Janette (aged 83) lives in her home in Sydneys Inner West. Her husband died several years ago, and she only has one son, Patrick.

Janette has around $200,000.00 in savings and shares. She relied on the pension for her income and receives a small amount of interest and dividends from her investments.

Janette has a Reverse Mortgage with a balance of approximately $60,000. She took out this Reverse Mortgage in 2018 to assist her son Patrick and his family. As Patrick is her only beneficiary, she wants to assist him now rather than him waiting to receive his inheritance. 

Jannette is looking to increase her Reverse Mortgage as she wants to give Patrick another $50,000.00. She will give him the funds from her investments as this will have a nil effect on her pension. By gifting him the $50,000 it will increase her Centrelink assets but the reduction in her investments will mean a net nil effect. Jannette has visited a Centrelink Financial Information Service Officer who suggested this strategy. 

Jannette wants to have $200,000 available for her future care and property maintenance. By having the increase limit on the Reverse Mortgage, along with her cash and shares, she will still have approximately $200,000 available. 

The cost of doing the increase with her current Reverse Mortgage Lender is the same as refinancing with a different lender.

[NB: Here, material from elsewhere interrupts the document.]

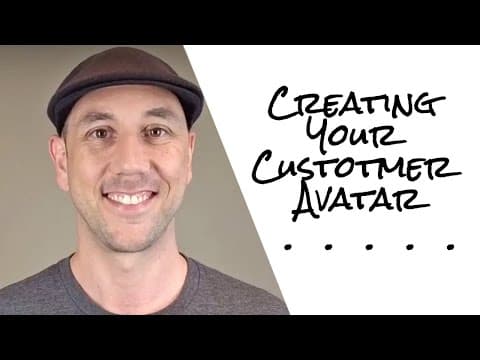 Creating Your Customer Avatar Part 1 of 3 thumbnail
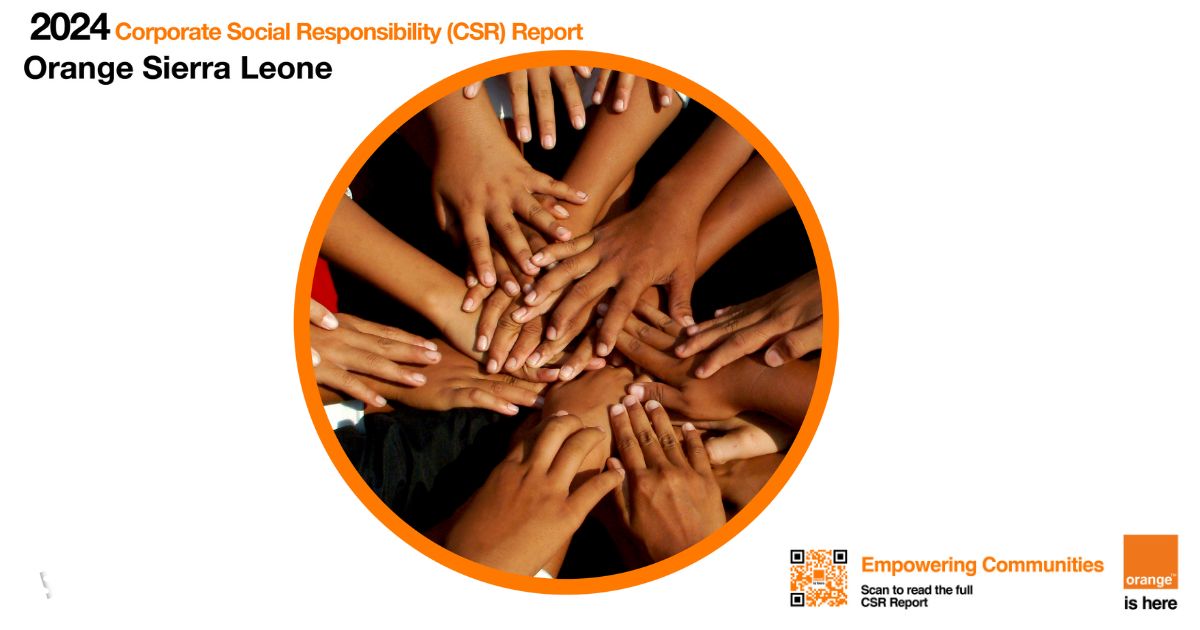 Orange Sierra Leone Unveils 2024 CSR Report on Economic Growth and Community Transformation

So, we are refinancing the whole loan to a different lender that has a significantly lower interest rate. 

The loan is not for ongoing expenses but to make sure she has funds in future for in home care and property maintenance. It has allowed Jannette to help Patrick considerably and she gets to enjoy watching the relief receiving this early inheritance has brought to her son.

(Names, locations, amounts, & other personal details have been changed to protect the client’s identity.)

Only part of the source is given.